L'exil est inséparable du métier de footballeur, à tout le moins dans les jeunes années du joueur : l'un d'eux nous faisait il y a quelques années la remarque que le déracinement commence «quand tu ne dors pas dans ton lit», et une écrasante majorité de ceux qui sont en formation, dans l'Hexagone ou ailleurs, vivent dès 11 ans dans un centre où ils apprennent leur métier, ne rentrant chez eux que pour les week-ends. Reste qu'historiquement, le football a fait la trace : aucune activité humaine n'a été autant affectée par l'effacement des frontières et la libre circulation des personnes que le ballon rond, lui-même se vivant comme une sorte d'avant-garde - les compétences priment sur tout, à commencer par le passeport - mettant sur un pied d'égalité les citoyens de tous les pays.
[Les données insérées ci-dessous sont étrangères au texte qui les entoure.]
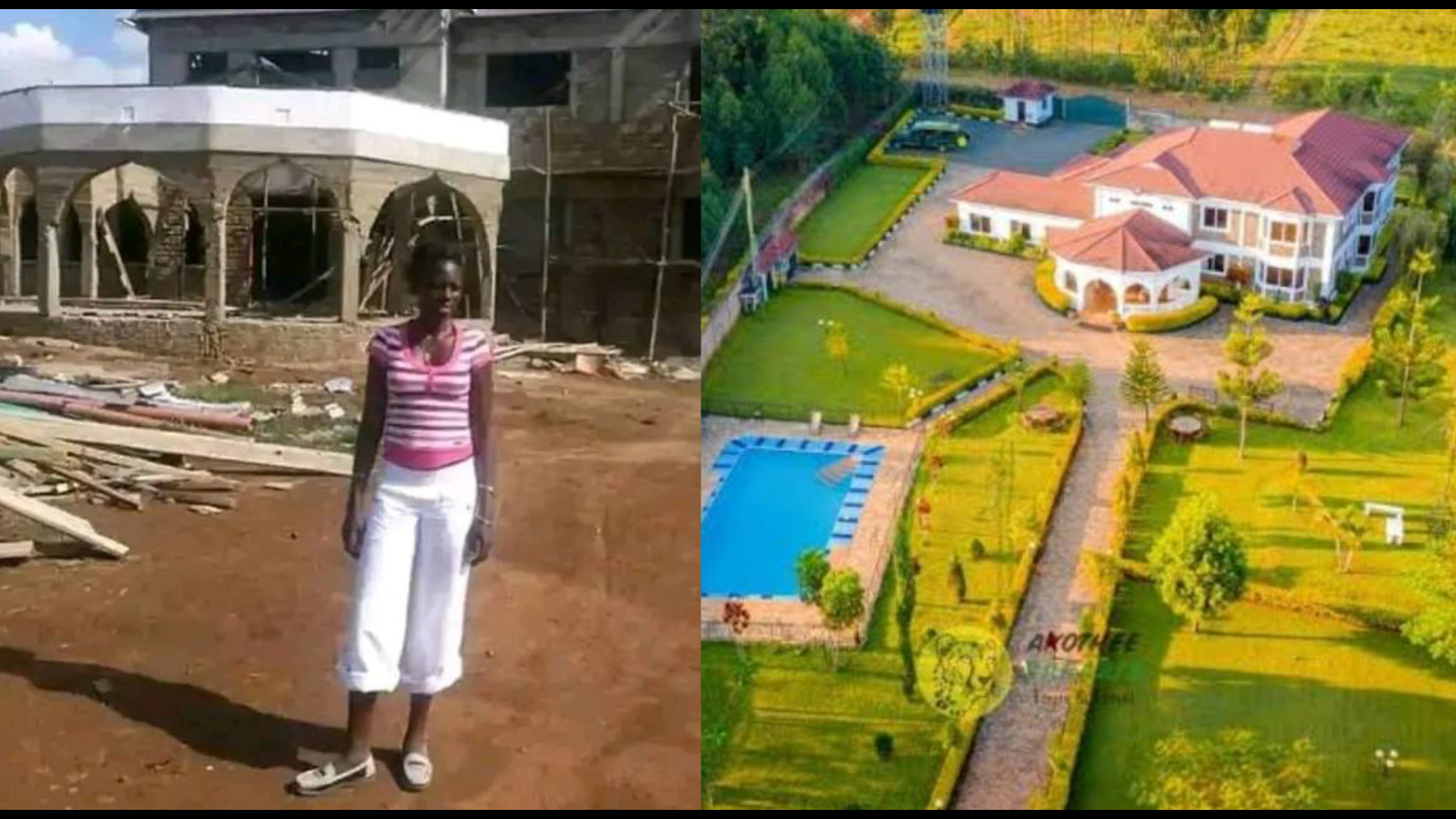 “Wakati najenga jumba langu 2013 nikiwa na miaka 32, niliepuka wanaume kabisa” – Akothee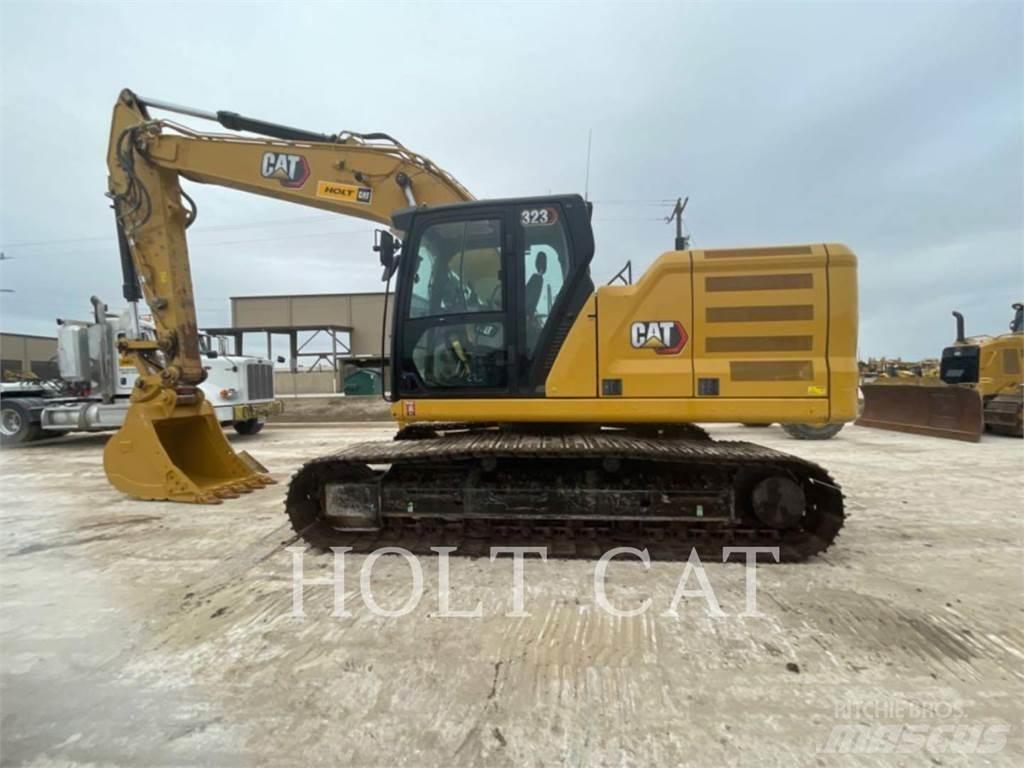 CAT 323 TC Crawler excavators
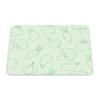 Bonamaison Rectangular Pop Art Printed Mouse Pad, Non-Slip, 22 x 18 cm view 1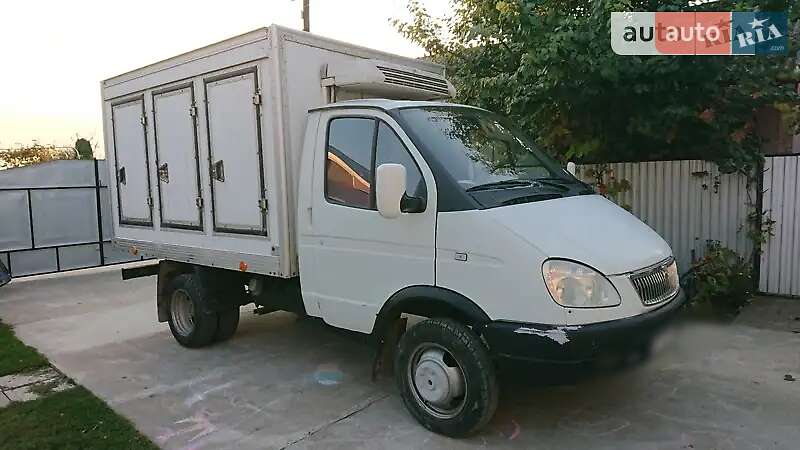 Кабриолет ГАЗ 3221 Газель 2005 в 
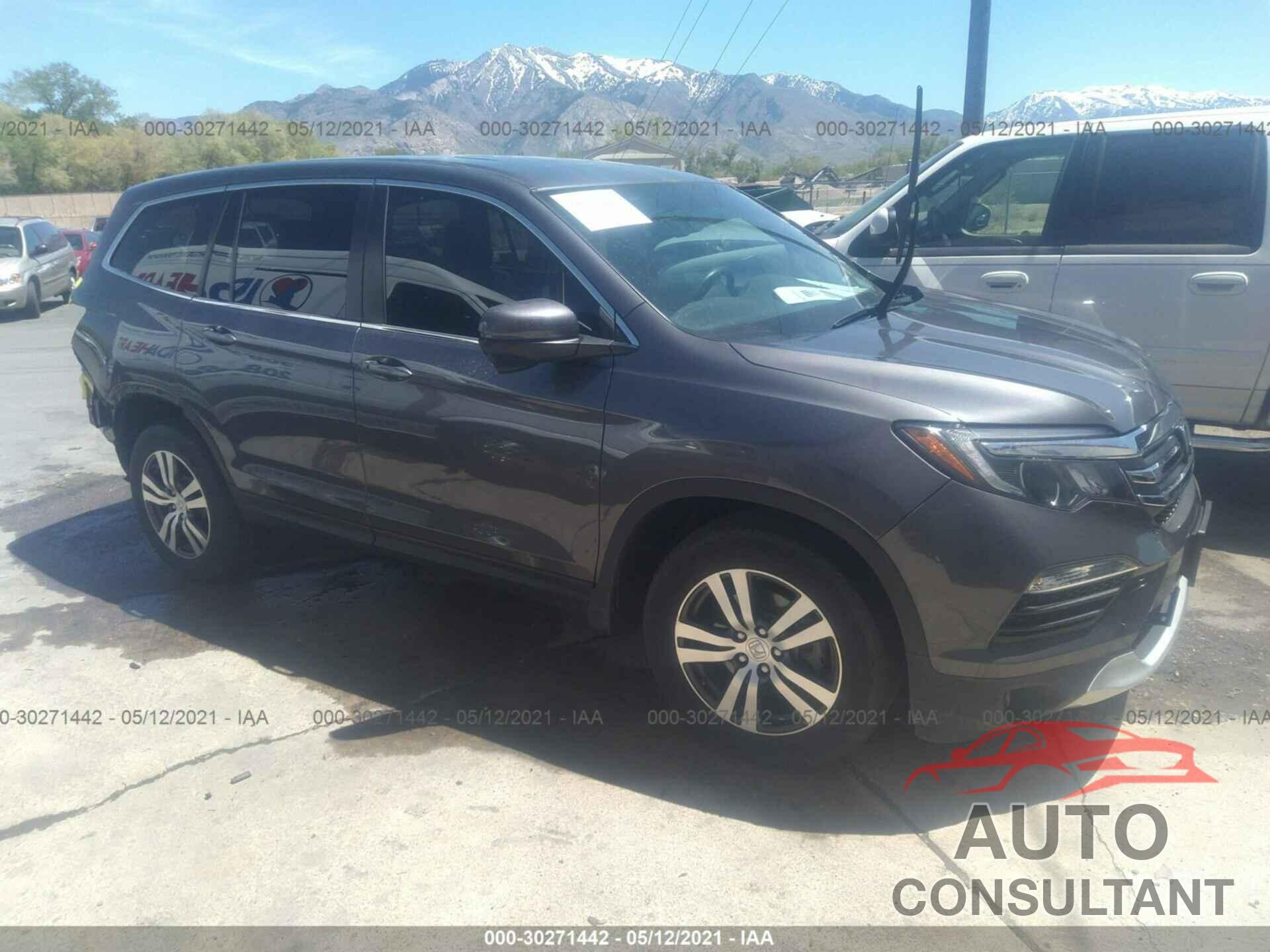 HONDA PILOT 2018 - 5FNYF6H55JB028464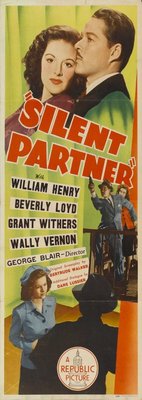 Silent Partner movie poster (1944) tote bag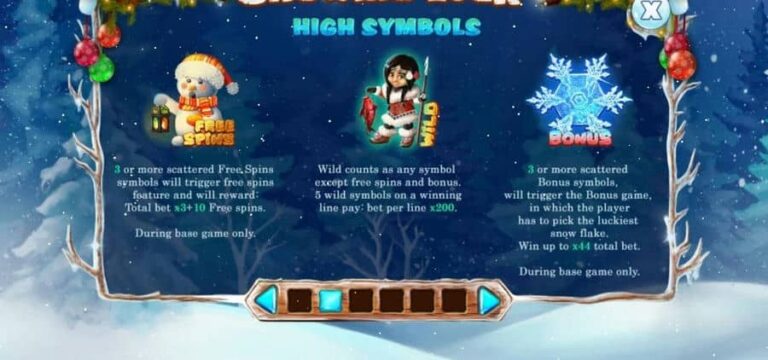 Snowing Luck Christmas Edition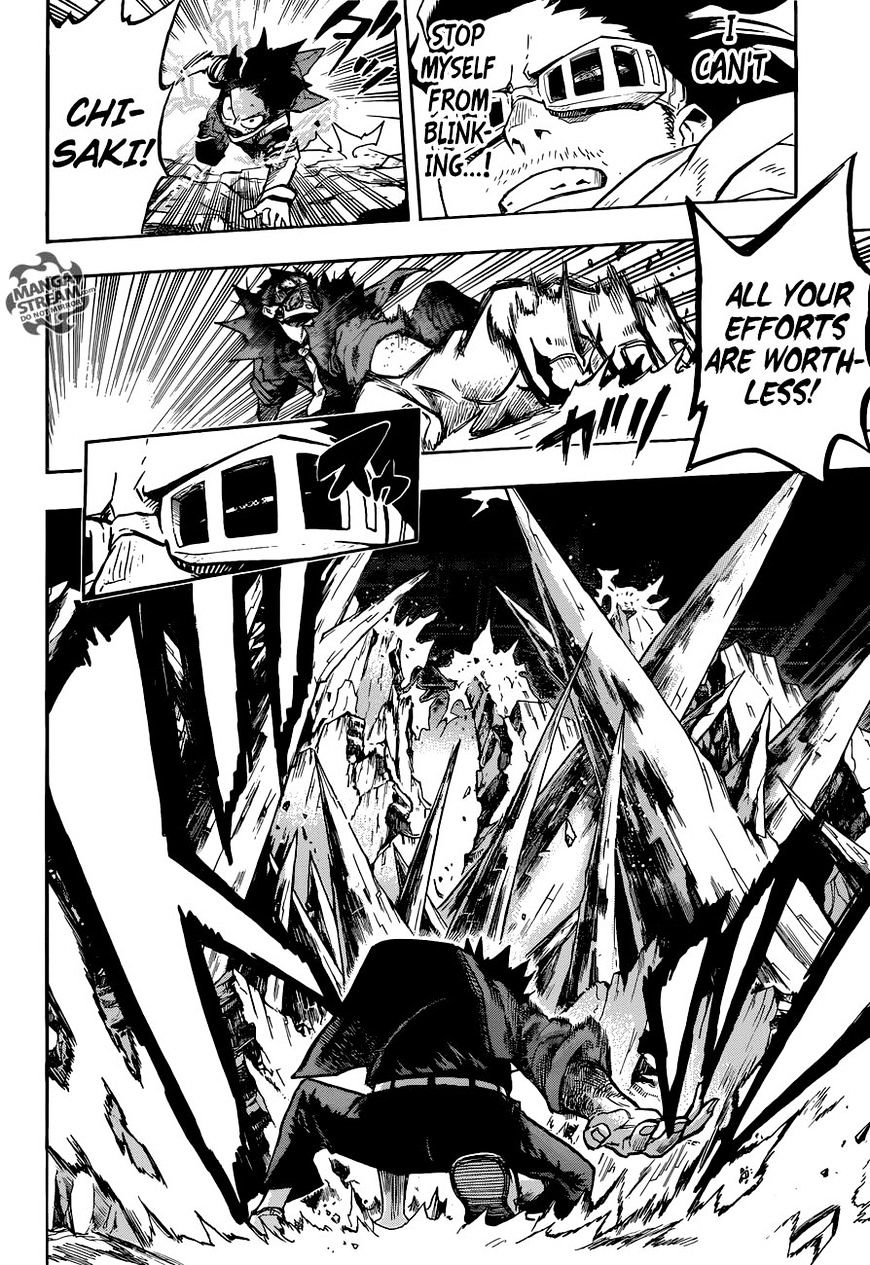 Boku No Hero Academia Chapter 153 page 15 - 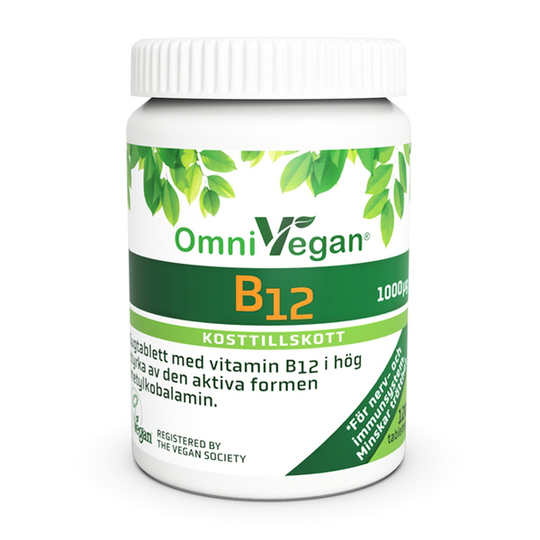Omnisym Pharma Veg B12 120 tabletter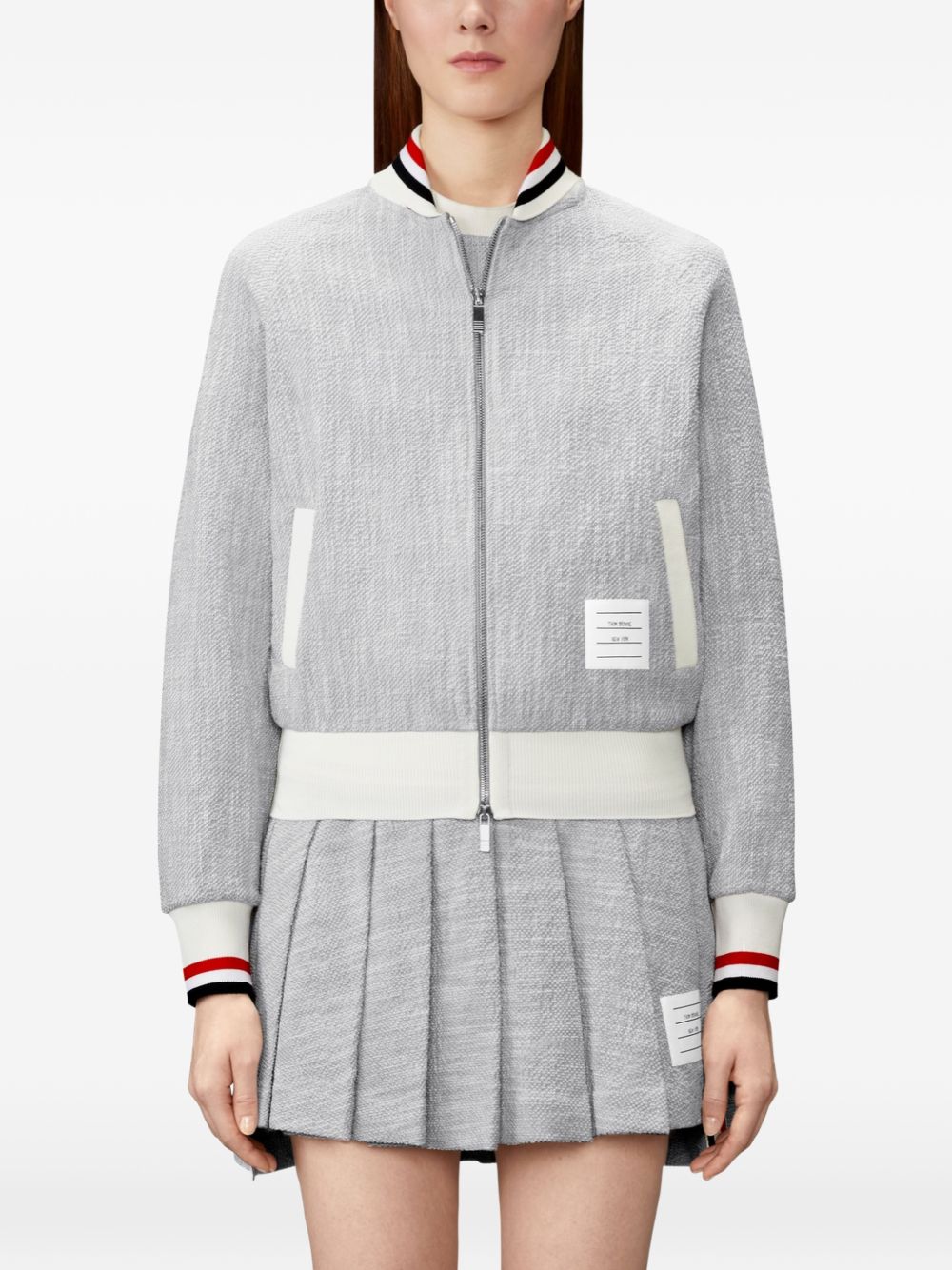 Thom Browne Coats - GREY | 7c37defa99a71d51d21f9b742cf4cbc4e5079cbd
Deux joueurs du Racing Club de Strasbourg, l'attaquant sud-africain Lebo Mothiba (22 ans), né à Johannesburg, et le défenseur serbe Stefan Mitrovic (28 ans), qui a vu le jour à Belgrade et qui s'est vu remettre le brassard de capitaine de l'équipe alsacienne alors qu'il n'était pas arrivé en France depuis un mois (ce qui confine au tour de force), se sont longuement racontés sur leur parcours et ils éclairent un point important : il y a autant d'histoires et de ressentis qu'il y a de joueurs ayant franchi ce cap de l'exil. Pour autant, il y a aussi des points communs, et ceux-ci ne sont en aucun cas réductibles au football : une forme d'effacement (on vous voit par la force des choses comme un professionnel avant de voir l'homme), une force de caractère particulière et une capacité exacerbée à comprendre et donner très vite ce que les autres attendent de vous.
Huitième au classement de Ligue 1, le Racing Club de Strasbourg se déplacera sur la pelouse du Stade de Reims samedi soir pour le compte de la 18e journée. En hommage aux victimes de l'attentat de mardi, les joueurs alsaciens porteront un maillot distinctif, et sans publicité.